The discovery-validation strategy we applied guarantees that our results are reproducible and strongly mitigates the risk of false-positive findings. Nonetheless, we are aware that other potential candidates may have been overlooked because of the selection procedure we used in the discovery phase. Because of the low sample size, we decided to restrict the analysis to a panel of candidates that were differentially expressed as compared to healthy controls. Moreover, statistical results were adjusted for multiple tests and albeit permutations correct type I errors less conservatively than other methods (i.e., Bonferroni or false-discovery rate) [60] the risk of type II errors (e.g. loss of power) is still substantial.

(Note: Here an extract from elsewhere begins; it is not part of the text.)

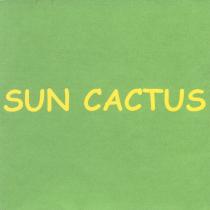 CACTUS SUN CACTUS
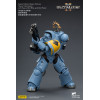 JoyToy - Space Marines II - Space Wolves - Intercesor Pesado con Rifle de Cerrojo Pesado y Pistola de Cerrojo 1/18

Our cohort was composed uniquely by Caucasian subjects, therefore the generalization of our results to other ethnicities should be assessed by future studies.

Another shortcoming of our study is related to the relatively over-representation of patients with ACAs antibodies and to the long-lasting RP duration. These characteristics clearly underlie the difficulty of intercepting patients with more aggressive disease in favor of subjects that will eventually develop a limited cutaneous form of SSc, as also observed in a multicenter study of very early SSc subjects [5]. This almost unavoidable selection bias clearly warns that caution should be exercised in applying our findings to all PreSSc patients, even if our findings are biologically plausible.

Conclusions

In summary, PreSSc showed a distinct protein profile and proteins that are related to hypoxia, vasculopathy, and collagen turnover, which emerged at characterizing the progression from a preclinical stage of SSc to a definite one. In particular, endostatin was the protein most strongly associated with disease progression, and it is worthwhile to further investigate its mechanistic roles for its possible pathogenetic role in SSc development and its therapeutic potential.